Ce tourisme est pourtant combattu par certains : les Inuits, qui souhaitent éliminer cette présence pour poursuivre la chasse aux narvals et aux morses ; les militaires russes, qui veulent exclure toute observation extérieure de leurs ambitions hégémoniques dans le Grand Nord ; ou encore les chalutiers, qui vident les mers polaires et voient d’un mauvais œil la présence de témoins gênants.

Et pourtant, le tourisme finance les communautés locales, soutient l’entretien des parcs nationaux et, surtout, exerce une pression politique et sociale pour la protection de ces régions polaires si fragiles.

Sans le tourisme, l’avenir de l’Arctique s’assombrirait, car les sentinelles de l’environnement disparaîtraient.

The Good : En tant que scientifique et explorateur, êtes-vous optimiste pour l’avenir des ours et des régions polaires ? Quelles sont les solutions qui vous inspirent le plus aujourd’hui ?

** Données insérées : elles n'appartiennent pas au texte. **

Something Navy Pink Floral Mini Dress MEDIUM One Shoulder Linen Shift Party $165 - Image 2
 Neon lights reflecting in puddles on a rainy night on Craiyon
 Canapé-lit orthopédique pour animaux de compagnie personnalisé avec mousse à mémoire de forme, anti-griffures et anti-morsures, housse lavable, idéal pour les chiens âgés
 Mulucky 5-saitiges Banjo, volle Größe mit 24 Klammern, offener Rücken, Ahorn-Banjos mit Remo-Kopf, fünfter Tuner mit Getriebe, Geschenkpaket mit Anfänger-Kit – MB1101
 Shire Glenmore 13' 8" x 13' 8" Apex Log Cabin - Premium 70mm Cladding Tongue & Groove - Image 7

Christian Kempf : Le scientifique ne peut que constater l’impact destructeur de l’humanité sur la planète. Entre réchauffement climatique, pollution, perte de biodiversité et surpopulation, la Terre souffre. Je suis très pessimiste. Toutefois, notre ours polaire, qui a survécu aux périodes chaudes du Quaternaire, subsistera probablement en quelques lieux, notamment en mer de Beaufort ou à l’est du Groenland. Sa population pourrait chuter de 25 000 à environ 3 000 individus, mais il ne disparaîtra sans doute pas totalement.

Agissons !

Des États comme la Chine, les États-Unis, la Russie et certaines nations africaines accélèrent la destruction de notre planète. Ce sont des États criminels.

Mais à notre niveau, nous pouvons déjà réduire, voire interdire, la chasse aux ours. Chaque année, 1 200 ours sont abattus. Or, l’exemple des baleines et des morses montre que lorsqu’on met fin à la chasse, les populations animales peuvent se reconstituer.

C’est un message d’espoir.

Même si nous sommes témoins impuissants du dépérissement de notre planète face aux intérêts étatiques et industriels, souvenons-nous qu’un pas en entraîne un autre.

L’important n’est plus la vitesse, mais le cap. Gardons-le fermement en tête et luttons avec acharnement pour préserver notre planète pour les générations à venir.